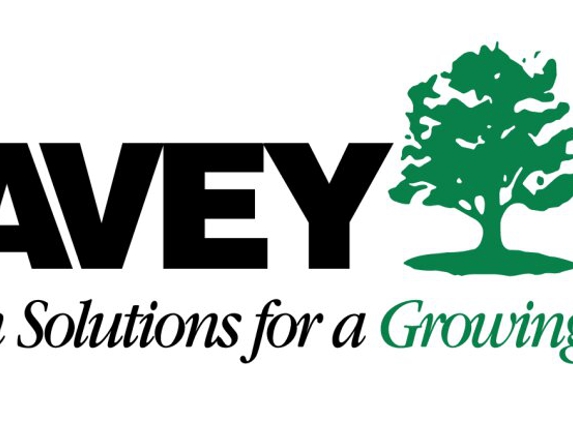 The Davey Tree Expert Company - Horsham, PA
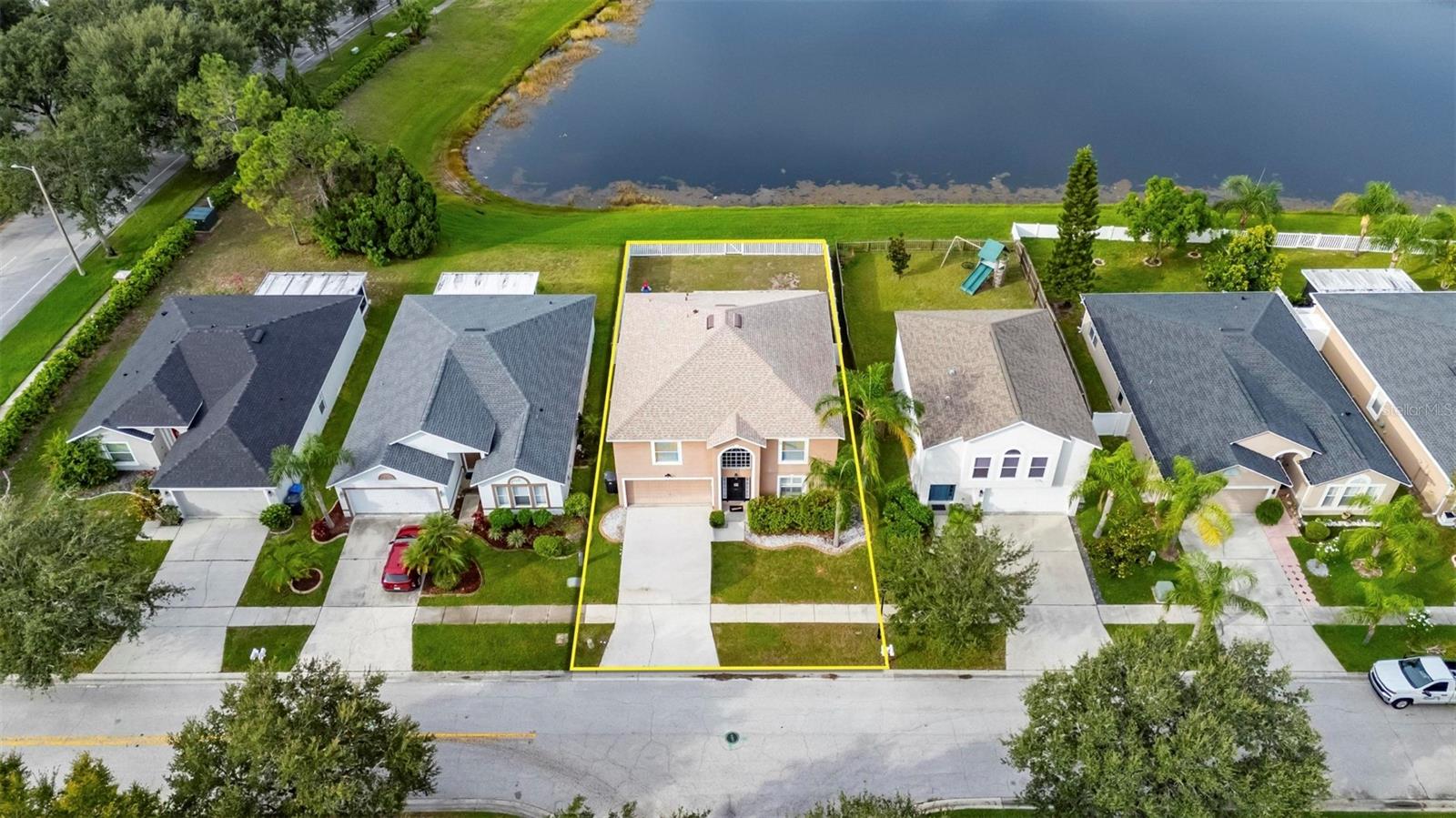 13531 Mango Bay Dr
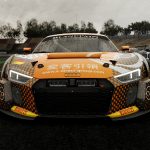 Assetto Corsa Competizione вырвалась из Steam Early Access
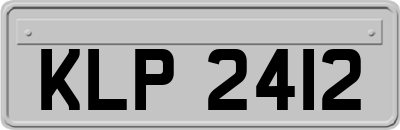 KLP2412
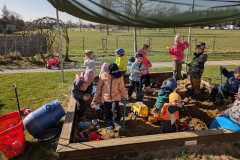 PXL_20250403_074100669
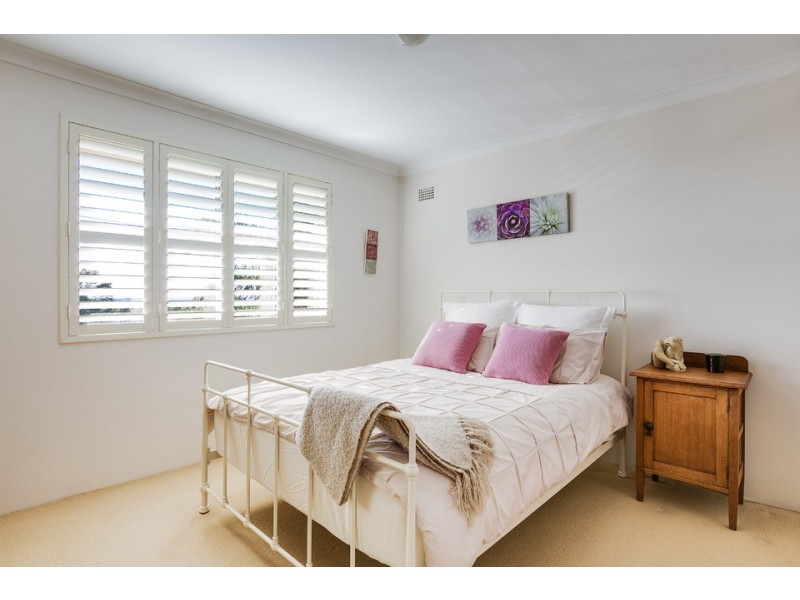 4/78 Harbord Road, Freshwater NSW 2096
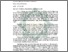 [thumbnail of Abstrak.pdf]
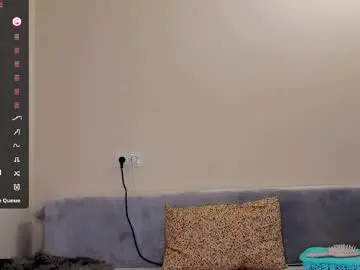 Best live sex cam show with nikoll_s - Chaturbate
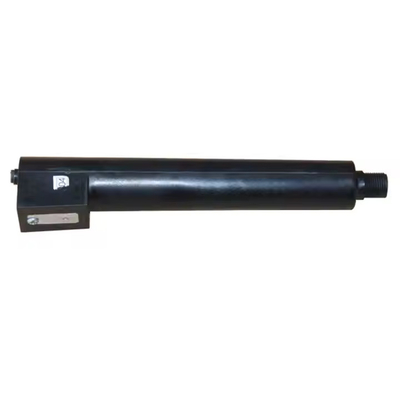 288552 Не OEM Оригинальный совместимый Surecoat Spray Gun Каскад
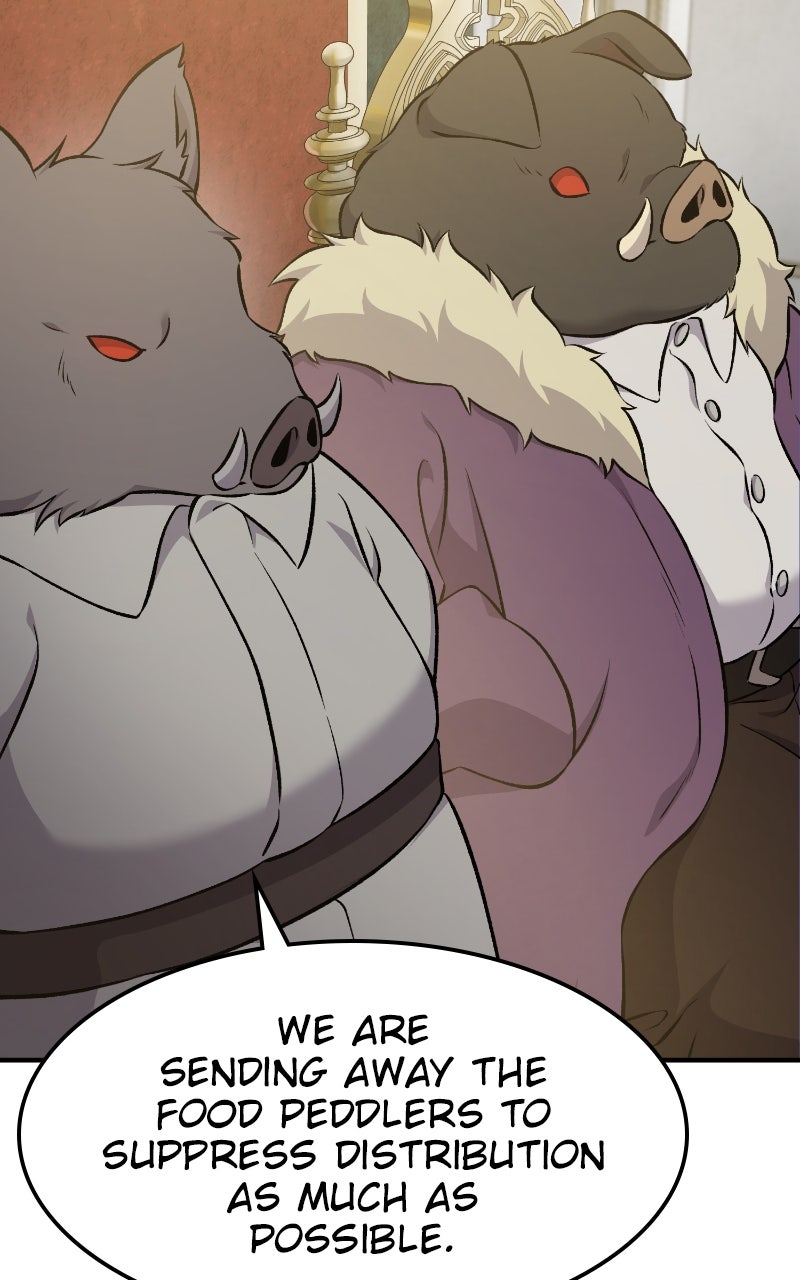 Read The Top Dungeon Farmer Manga Online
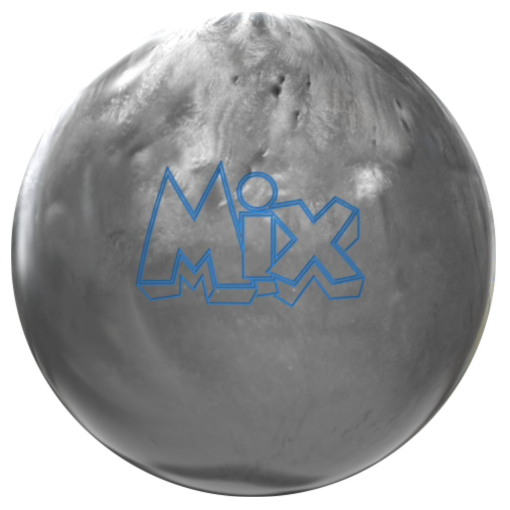Bowlingball - Bowlingkugel - Storm - Mix Platinum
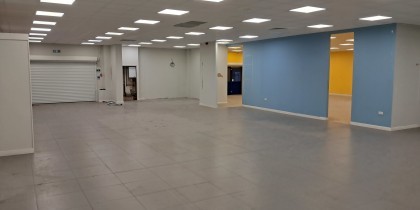 e6db6b78 4ecc 466b a5e6 aa5d15f977d1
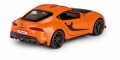 Daffi RMZ 5 Toyota Supra 2020 544053(E) (Special Edition)
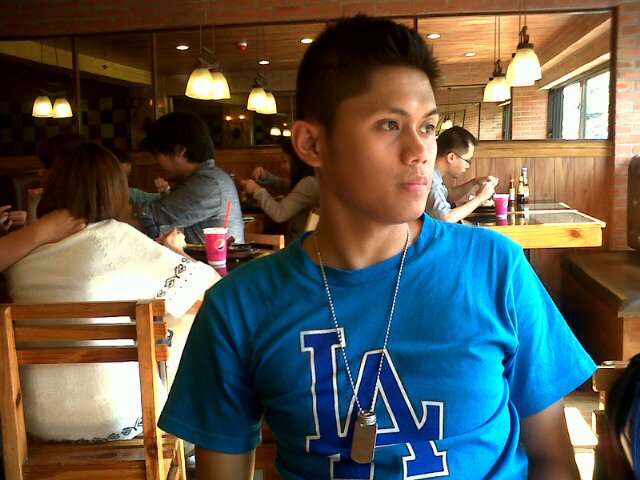 clarencesolis1's profile picture. 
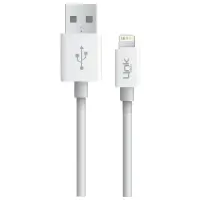 LINKTECH LCA-K566 300 MM IOS KISA KABLO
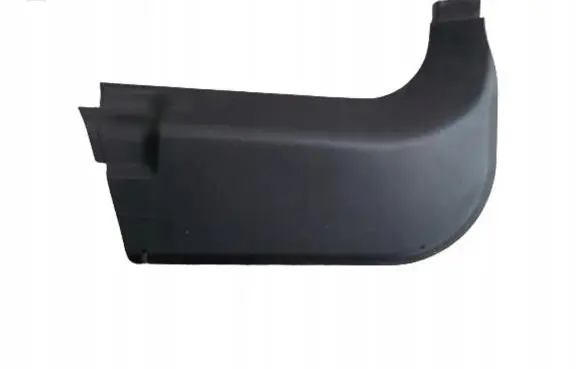 BMW 7 E38 side skirts sill cover 51.43-8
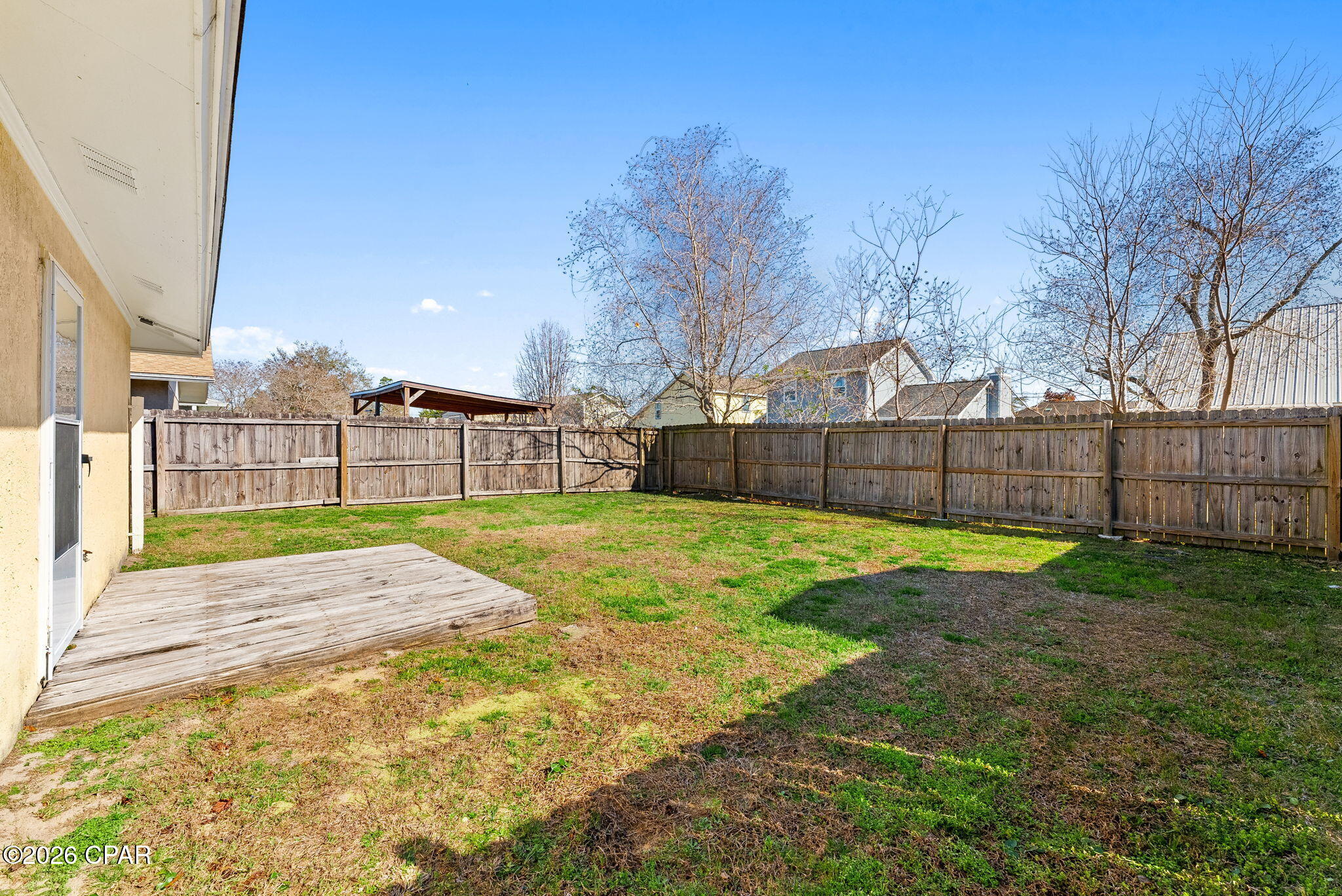 Belaire Estates U-6 - Residential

Problem description: Transcribe the listing verbatim, pictures excluded.

Written response:
 The Davey Tree Expert Company - Horsham, PA
 13531 Mango Bay Dr
 Assetto Corsa Competizione вырвалась из Steam Early Access
 KLP2412
 PXL_20250403_074100669
 4/78 Harbord Road, Freshwater NSW 2096
 [thumbnail of Abstrak.pdf]
 Best live sex cam show with nikoll_s - Chaturbate
 288552 Не OEM Оригинальный совместимый Surecoat Spray Gun Каскад
 Read The Top Dungeon Farmer Manga Online
Bowlingball - Bowlingkugel - Storm - Mix Platinum
 e6db6b78 4ecc 466b a5e6 aa5d15f977d1
 Daffi RMZ 5 Toyota Supra 2020 544053(E) (Special Edition)
 clarencesolis1's profile picture. 
 LINKTECH LCA-K566 300 MM IOS KISA KABLO
 BMW 7 E38 side skirts sill cover 51.43-8
 Belaire Estates U-6 - Residential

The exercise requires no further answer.